# THE TASK:
Omitting all images, transcribe the listing word for word.

# DATA:
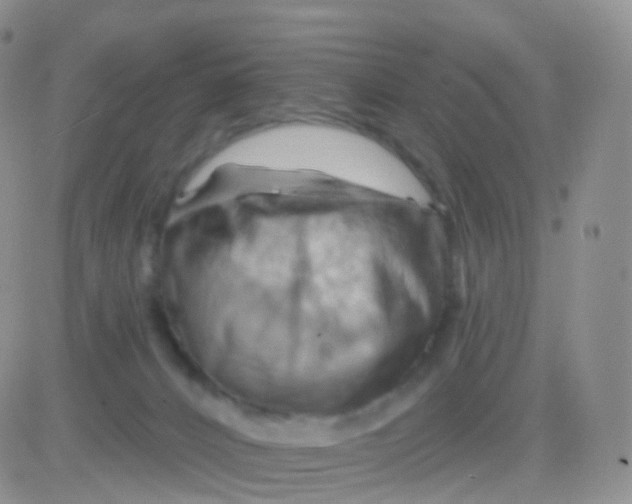 X0000083040032200702231941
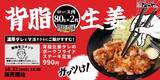 「松のや「背脂生姜タレのポークフライドステーキ定食」新発売、濃厚ダレ×マヨネーズのスタミナ定食」の画像2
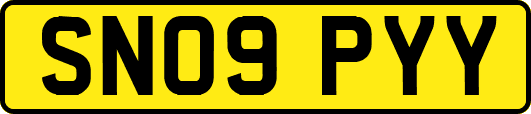 SN09PYY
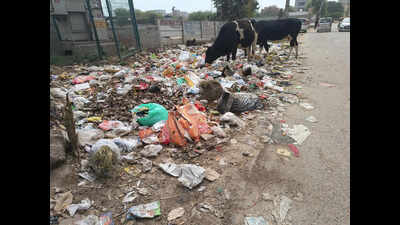 MCG to hire agency to transport waste to Bandhwari landfill for 4 months | Gurgaon News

# WORKED SOLUTION:
 X0000083040032200702231941
 「松のや「背脂生姜タレのポークフライドステーキ定食」新発売、濃厚ダレ×マヨネーズのスタミナ定食」の画像2
 SN09PYY
 MCG to hire agency to transport waste to Bandhwari landfill for 4 months | Gurgaon News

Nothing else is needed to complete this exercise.